1. Both the NTK and the Bosch run optimally at 750-800 deg C Sensor Temp. If the sensor head gets heated by the exhaust to that temperature there is no more margin for the heater controller and it runs essentially 'open loop', shutting the heater off. That's why a cooler location is better. Specially because the Bosch Sensor is more sensitive to temperature than the NTK (but less sensitive to pressure) it would result in large errors when running without tight temperature control.

2. (And more important) The Bosch sensor has a parasitic resistance in the common path between the pump-cell and the measurement cell. This resistance has a positive temperature coefficient (resistance increases with temp) and is dependent on the sensor's housing temperature. Because it is buried inside the sensor it cannot be directly measured. When measuring the sense-cell impedance or pump-cell impedance it is essentially in series with either. Both, sense-cell and pump-cell impedance, have a negative temperature coefficient. Because the heater control of the Bosch unit depends on either the sense-cell or pump-cell impedance, this parasitic resistance can disrupt the temperature control by essentially compensating the negative coeff. of either when the housing gets too hot. This means that no temperature control is possible and the resultant values would be all over the map.
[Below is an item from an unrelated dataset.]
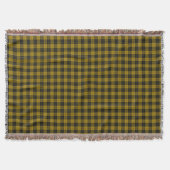 MacLeod tartan gele zwarte vlecht Deken (Voorkant)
The LM-1 can detect that condition and throws a sensor timing error because the sensor timing with our circuit is one of the variables that is dependent on the sensor housing temp. That's why keeping the sensor housing as cool as possible is important.

Hope this explains the reasoning.

As for concerns about response time further down the pipe:

Assume a 3 liter engine at 2000 RPM and a VE at full throttle of 1.0, an exhaust pipe of 3 inches diameter, sensor placed 6 ft from the engine, and an average exhaust temp. of 800 deg C (averaged over the entire pipe length). You can calculate that the time it takes for exhaust gas to move from the engine to the sensor is about 50 milliseconds. This is a plenty fast response. Thinner pipes, higher rpms or VE of > 1.0 (boost) of course would decrease the time. Partial or closed throttle would increase the time.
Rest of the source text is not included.